◆ Directions for this task
Examine the entries and show every line in which the word "Toyota" is found.
Top of Material shown
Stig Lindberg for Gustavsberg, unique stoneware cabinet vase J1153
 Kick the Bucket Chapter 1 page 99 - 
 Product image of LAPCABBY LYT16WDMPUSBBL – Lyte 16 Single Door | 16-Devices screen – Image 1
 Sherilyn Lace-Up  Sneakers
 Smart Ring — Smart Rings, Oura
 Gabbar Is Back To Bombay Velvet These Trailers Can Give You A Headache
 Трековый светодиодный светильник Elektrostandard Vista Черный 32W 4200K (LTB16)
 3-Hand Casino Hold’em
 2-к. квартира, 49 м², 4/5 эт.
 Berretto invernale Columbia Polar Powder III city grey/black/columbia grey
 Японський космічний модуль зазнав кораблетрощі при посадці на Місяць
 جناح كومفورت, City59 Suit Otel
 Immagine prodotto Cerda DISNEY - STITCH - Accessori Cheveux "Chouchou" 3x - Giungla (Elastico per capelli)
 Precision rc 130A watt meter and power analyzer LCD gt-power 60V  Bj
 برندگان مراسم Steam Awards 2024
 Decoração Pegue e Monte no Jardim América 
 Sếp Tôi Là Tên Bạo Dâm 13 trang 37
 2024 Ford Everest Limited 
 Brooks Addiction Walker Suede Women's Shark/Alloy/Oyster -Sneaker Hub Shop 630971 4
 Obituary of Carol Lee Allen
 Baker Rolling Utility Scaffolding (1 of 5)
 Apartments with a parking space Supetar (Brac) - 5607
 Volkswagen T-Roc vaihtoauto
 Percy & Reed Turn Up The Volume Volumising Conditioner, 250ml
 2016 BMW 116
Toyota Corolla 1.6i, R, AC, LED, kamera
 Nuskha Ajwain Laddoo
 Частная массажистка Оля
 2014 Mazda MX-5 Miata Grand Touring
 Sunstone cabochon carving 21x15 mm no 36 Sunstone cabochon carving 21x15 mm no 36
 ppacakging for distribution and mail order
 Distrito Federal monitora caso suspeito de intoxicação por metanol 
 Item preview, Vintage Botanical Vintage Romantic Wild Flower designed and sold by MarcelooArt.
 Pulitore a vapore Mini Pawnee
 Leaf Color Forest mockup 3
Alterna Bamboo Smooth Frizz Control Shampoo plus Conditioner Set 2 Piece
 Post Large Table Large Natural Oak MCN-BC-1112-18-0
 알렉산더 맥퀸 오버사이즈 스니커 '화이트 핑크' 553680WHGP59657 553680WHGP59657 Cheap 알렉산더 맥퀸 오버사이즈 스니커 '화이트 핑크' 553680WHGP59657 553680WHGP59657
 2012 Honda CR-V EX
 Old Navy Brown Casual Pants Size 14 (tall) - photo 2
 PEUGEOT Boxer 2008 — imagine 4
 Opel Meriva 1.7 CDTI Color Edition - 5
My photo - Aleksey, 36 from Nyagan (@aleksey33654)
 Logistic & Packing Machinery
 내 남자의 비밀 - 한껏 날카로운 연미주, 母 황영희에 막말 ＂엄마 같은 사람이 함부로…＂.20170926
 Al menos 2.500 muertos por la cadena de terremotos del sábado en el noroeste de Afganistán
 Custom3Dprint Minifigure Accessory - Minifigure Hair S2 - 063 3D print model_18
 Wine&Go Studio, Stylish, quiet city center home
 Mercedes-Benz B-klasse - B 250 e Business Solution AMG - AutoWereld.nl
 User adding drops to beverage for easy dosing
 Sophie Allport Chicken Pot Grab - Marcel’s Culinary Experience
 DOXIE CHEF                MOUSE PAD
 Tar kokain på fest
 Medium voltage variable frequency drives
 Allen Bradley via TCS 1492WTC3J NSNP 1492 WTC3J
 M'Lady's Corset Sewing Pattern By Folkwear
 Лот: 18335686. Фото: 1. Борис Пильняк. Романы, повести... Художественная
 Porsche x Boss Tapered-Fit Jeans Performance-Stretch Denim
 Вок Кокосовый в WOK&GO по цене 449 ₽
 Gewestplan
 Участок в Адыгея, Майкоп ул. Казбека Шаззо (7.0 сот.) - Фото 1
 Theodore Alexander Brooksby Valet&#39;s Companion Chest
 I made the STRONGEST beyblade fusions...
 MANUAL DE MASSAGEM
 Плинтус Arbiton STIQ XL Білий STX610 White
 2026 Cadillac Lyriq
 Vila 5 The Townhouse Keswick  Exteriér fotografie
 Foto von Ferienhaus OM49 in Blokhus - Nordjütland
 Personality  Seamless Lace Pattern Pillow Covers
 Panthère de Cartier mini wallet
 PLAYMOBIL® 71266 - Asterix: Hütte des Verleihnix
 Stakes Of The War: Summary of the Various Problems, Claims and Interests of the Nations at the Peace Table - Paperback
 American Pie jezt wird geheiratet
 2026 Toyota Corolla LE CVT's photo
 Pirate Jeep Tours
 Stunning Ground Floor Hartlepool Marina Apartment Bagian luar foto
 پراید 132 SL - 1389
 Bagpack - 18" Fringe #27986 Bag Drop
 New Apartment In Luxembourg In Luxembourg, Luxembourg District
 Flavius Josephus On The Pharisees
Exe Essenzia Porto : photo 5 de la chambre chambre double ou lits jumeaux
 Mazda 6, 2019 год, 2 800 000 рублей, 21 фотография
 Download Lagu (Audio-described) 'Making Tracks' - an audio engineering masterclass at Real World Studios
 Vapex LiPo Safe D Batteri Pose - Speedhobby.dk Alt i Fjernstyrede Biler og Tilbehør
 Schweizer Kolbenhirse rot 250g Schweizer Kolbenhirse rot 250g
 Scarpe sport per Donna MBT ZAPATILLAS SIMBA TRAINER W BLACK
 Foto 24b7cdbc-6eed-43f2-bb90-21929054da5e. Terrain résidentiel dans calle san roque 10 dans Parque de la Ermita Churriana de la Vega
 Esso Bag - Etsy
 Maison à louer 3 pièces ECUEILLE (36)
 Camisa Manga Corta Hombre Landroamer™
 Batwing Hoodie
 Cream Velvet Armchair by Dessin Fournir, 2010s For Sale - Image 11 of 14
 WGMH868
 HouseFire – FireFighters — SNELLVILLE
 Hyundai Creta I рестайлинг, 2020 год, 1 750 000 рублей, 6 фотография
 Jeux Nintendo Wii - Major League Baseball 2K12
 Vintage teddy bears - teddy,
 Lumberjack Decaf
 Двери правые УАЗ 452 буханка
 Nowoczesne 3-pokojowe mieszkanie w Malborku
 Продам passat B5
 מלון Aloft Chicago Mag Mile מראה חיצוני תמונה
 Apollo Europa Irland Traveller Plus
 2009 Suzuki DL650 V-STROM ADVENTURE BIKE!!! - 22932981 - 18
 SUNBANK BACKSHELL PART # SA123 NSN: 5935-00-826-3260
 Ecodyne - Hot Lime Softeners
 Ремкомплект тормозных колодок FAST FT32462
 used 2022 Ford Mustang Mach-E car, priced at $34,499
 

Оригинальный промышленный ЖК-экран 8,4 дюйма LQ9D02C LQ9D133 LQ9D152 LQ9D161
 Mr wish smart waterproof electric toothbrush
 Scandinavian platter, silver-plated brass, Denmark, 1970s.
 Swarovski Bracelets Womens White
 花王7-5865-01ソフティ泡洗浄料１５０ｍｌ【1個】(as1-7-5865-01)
Bottom of Material shown
◆ Written answer
Toyota Corolla 1.6i, R, AC, LED, kamera
 2026 Toyota Corolla LE CVT's photo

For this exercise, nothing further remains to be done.